Making religious garments


Revenue in 1996:

$200,000


Revenue in 2000:

$1.5 million


Employees in 1996:

2


Employees in 2001:

12


Goal:

Increase revenues to $10 million in the next five years and sell the company


Driving Force:

Clients who need top-quality garments that are custom made and don’t take long to manufacture


With an attention to elaborate and ornate detail, an L.A. company is at the forefront of the specialized, competitive Catholic cleric garment business

Even Catholic priests have a sense of fashion.

When it comes to the elaborate vestments worn by clerics in the church, style, quality and individuality are in great demand.

“Each pastor has his own preference,” said Father Ken Deasy of St. Agatha Catholic Church in Los Angeles.

That’s where Chagall Design Ltd. fills a niche. The 10-year-old company headquartered in downtown L.A.’s Fashion District custom-designs and manufactures garments worn by Roman Catholic priests, deacons, bishops and archbishops across the country.

They can vary widely in design, from a liturgical vestment that has brocade around the collar and an embroidered image of St. Joseph on the front to a Gothic chasuble made of damask with a gold brocade galloon. Price ranges from $135 to $1,500.


Variety of products

The company also makes large banners trimmed in brocade and embroidered for churches celebrating anniversaries or a saint’s birthday. “We are known for high quality, quick turnaround and the best prices around,” said Mannix Delfino, the company’s vice president.

Much of the work is done on the 9th floor of the Gerry Building, an art deco structure next to the California Mart. With about 6,000 square feet, the company employs a handful of tailors and seamstresses.

The company was started in 1991 by Jacques de Groot, a native of Belgium who began a similar business in 1961 called International Vestments in Montreal.

De Groot said there are three or four companies in the United States that custom-design, manufacture and sell vestments. Other than a few companies in Canada, the bulk of vestment makers are in Europe.

After being in business three years, de Groot moved International Vestments to Santa Monica, enticed by the area’s warm weather.

At its peak, International Vestments employed 12 full-time workers and had revenues of more than $1 million a year. After decades of traveling the United States, visiting just about every church and parish, de Groot sold out in 1986.

For a few years, he tried out the life of a retiree, but by the early 1990s, the 63-year-old entrepreneur was bored. Coincidentally, the new owners of International Vestments had gone out of business two years before.


Returning to the industry

De Groot seized on the opportunity by starting Chagall Design, getting back many of his International Vestments clients.
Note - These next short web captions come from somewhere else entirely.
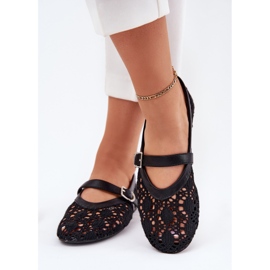 Ballerinas de Openwork con cinturón negro 3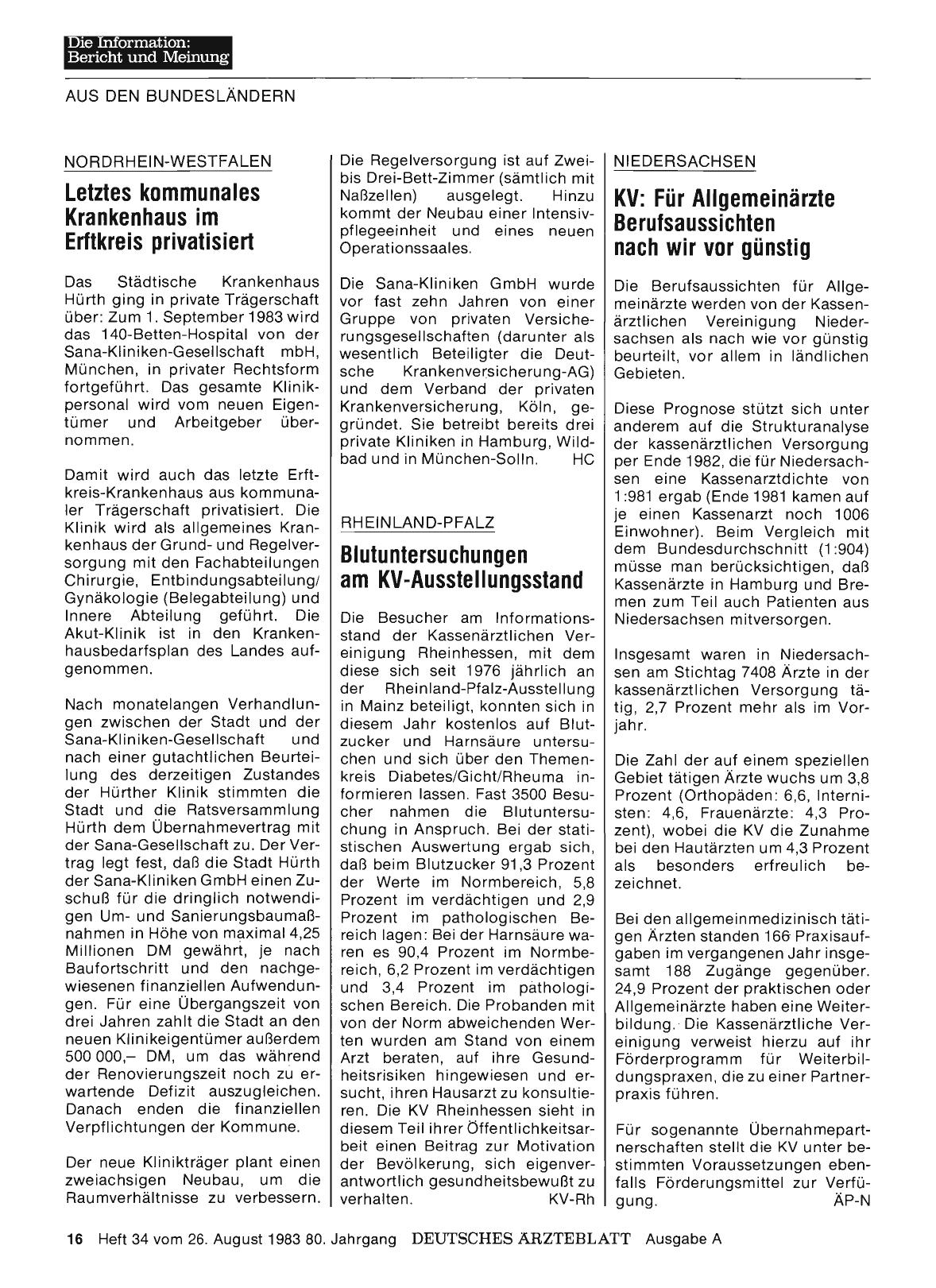 Vorschauseite 1: Niedersachsen: KV: Für Allgemeinärzte Berufsaussichten nach wir vor günstig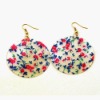 Fashion Round Shell Printing Earring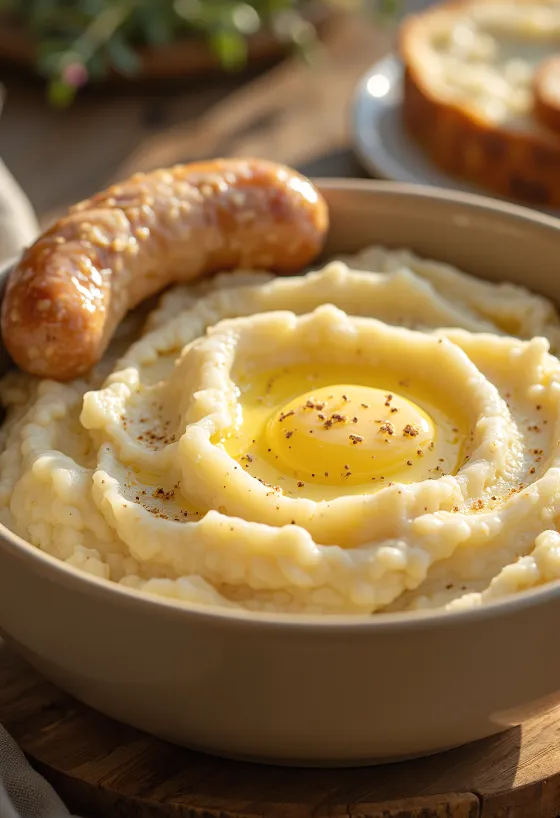 Purée de pommes de terre crémeuse au beurre et à la crème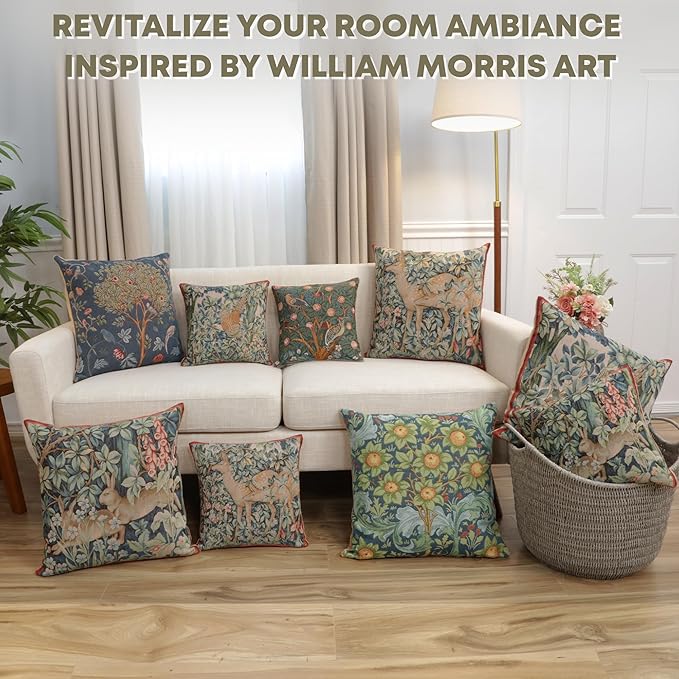 Charlotte Home Furnishings Decorative Tapestry Pillow Cover 14x14 in, Green Pheasant Couch Throw Pillow Cover, French Country Square Cushion Cases for Bed Room Home Decor, Soft Cotton Jacquard Woven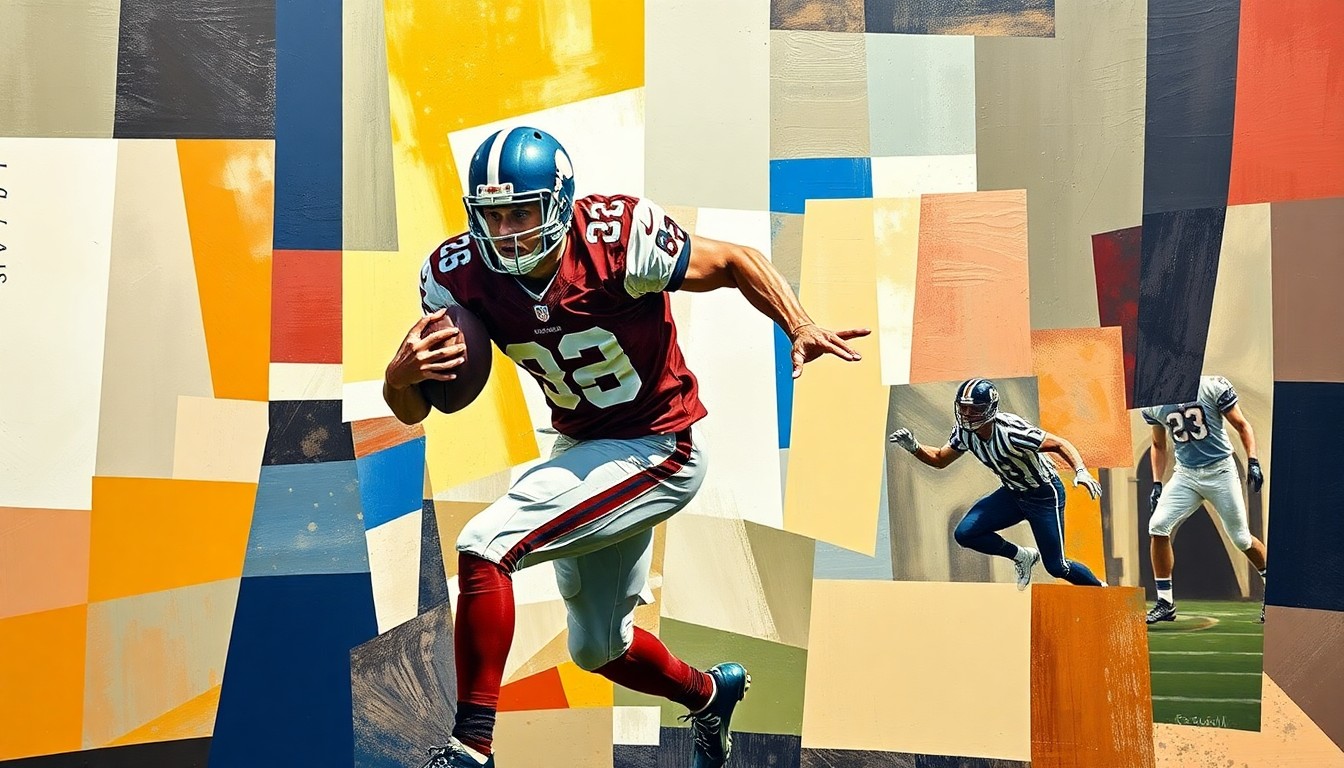 A cubist, geometric illustration depicting a football player in motion, with their body broken down into sharp, overlapping planes of color and form, capturing the dynamic energy of the sport.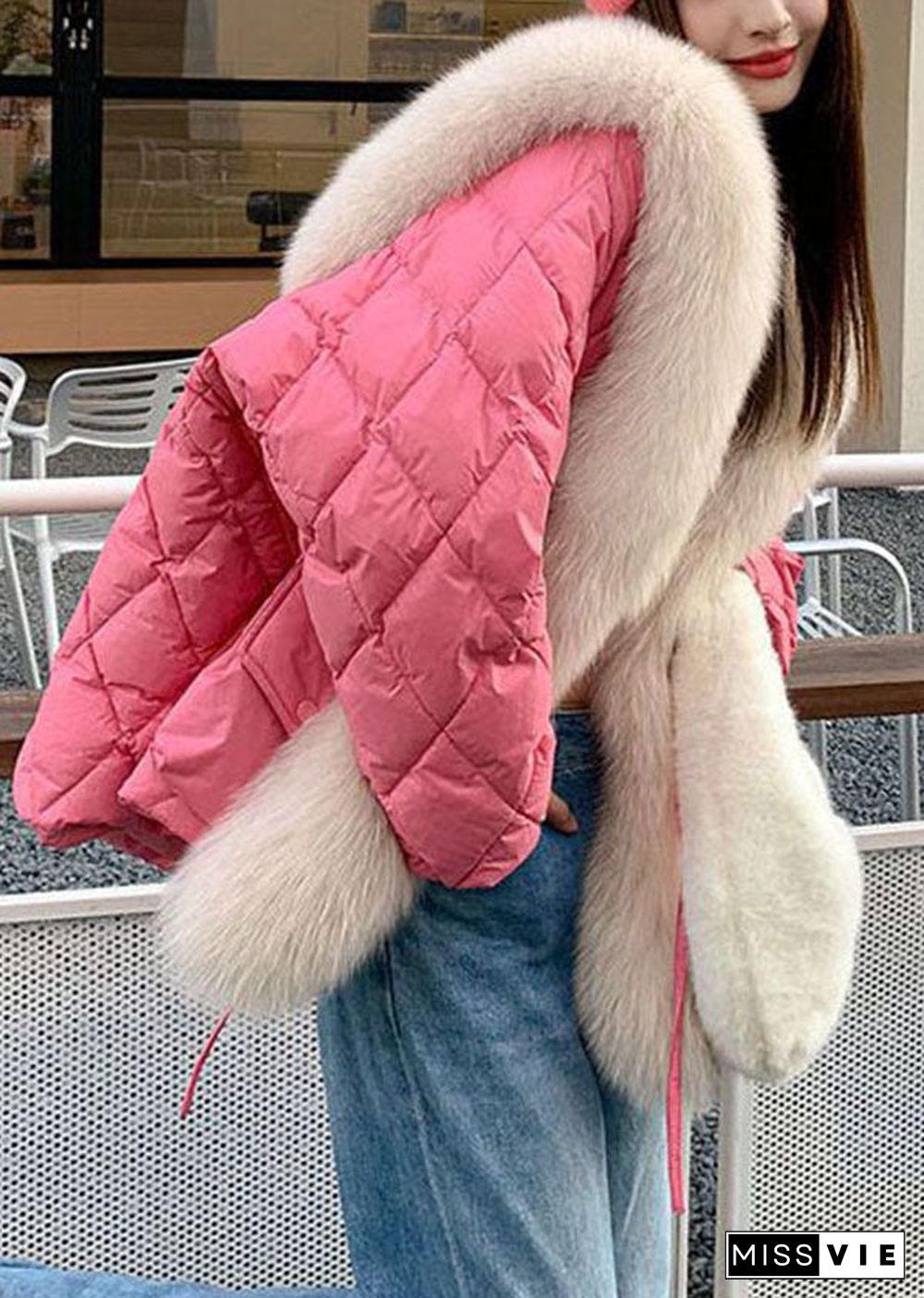 Stylish Pink Fox Hair Sailor Collar Pockets Fine Cotton Filled Puffers Jackets Winter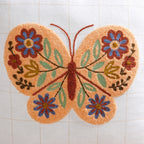 Floral Butterfly Embroidered Cotton Cushion Cover 42x42cm Nestasia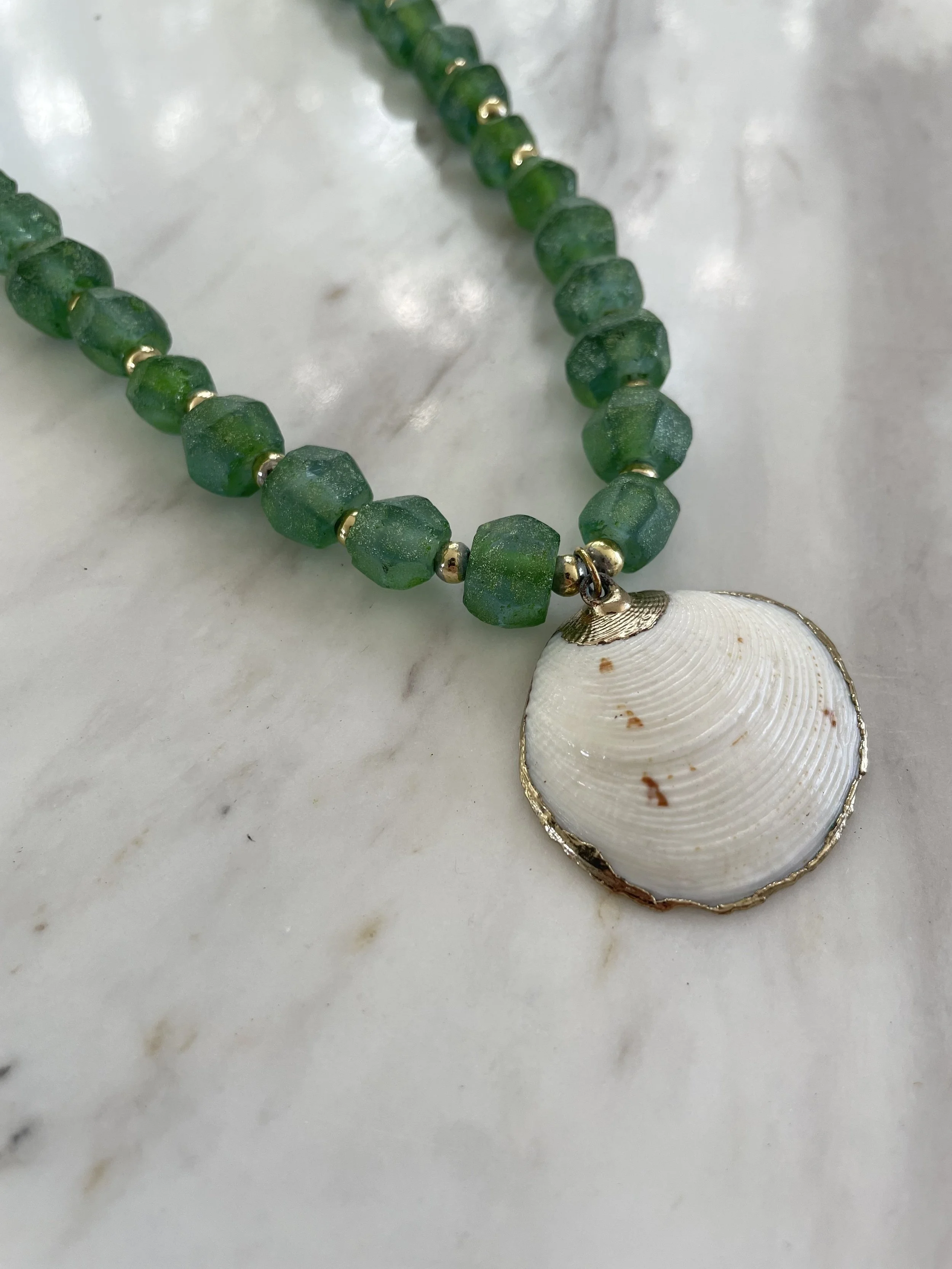 green seaglass and shell necklace.jpg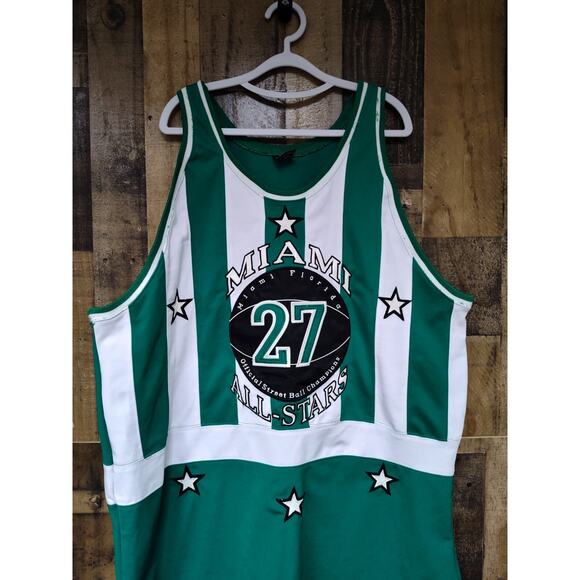 🔥 Miami Florida Allstars #27 Street Ball Jersey – Green/White – Size 52 – Great - Picture 3 of 12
Renting his first office space at the California Mart, he started exactly where he left off.

“To make this a successful business, you have to know the fathers and build a relationship with them,” de Groot explained.

In 1995, de Groot brought in his new wife, Mannix Delfino, to help him run the company. Although she knew little about the vestments business, she had worked as an executive for a variety of companies around the world and knew how to sew.

That came in handy her first day on the job when de Groot was out of town on sales calls, and Delfino got an order for a chasuble. With no one else in the office and small work area, she sat down at the sewing machine.

“A lot of this business is word of mouth, which is a very big thing,” said de Groot, sitting at a conference table surrounded by an array of ornate vestments festooned in rich brocades and satin piping. An embroidered banner of the Virgin of Guadalupe hangs on the wall.

Besides good contacts, the company publishes a color catalog that is distributed with the Kennedy Directory, the official directory of all the Roman Catholic parishes and institutions in the United States.


Convention business

Another important sales call is the annual Religious Education Congress held at the Anaheim Convention Center every February. Chagall Design writes up as much as $150,000 worth of business in three days, de Groot said.

The emphasis is on designing vestments that are custom-designed for each pastor’s needs. Father Deasy of St. Agatha’s in Los Angeles has a parish comprising of low to middle-income members who are primarily Latinos and African-Americans. He is on a tight budget and doesn’t buy a lot of garments. But when he does have a few disposable dollars, he goes to Chagall Design.

“This vestment business can be quite expensive, just like fashion is expensive,” he said. “At Chagall they know I’m not from an affluent parish. They show me their fabrics and what they can do that will tie in with my congregation. Last year I ordered a dark green chasuble with a characterization of Juan Diego (the shepherd who first saw the Virgin of Guadalupe in Mexico) on the back. I asked if they could make the skin color that would appeal to Latinos and African Americans.”

Also knowing his financial situation, they allowed him to pay for the chasuble in installments without paying interest.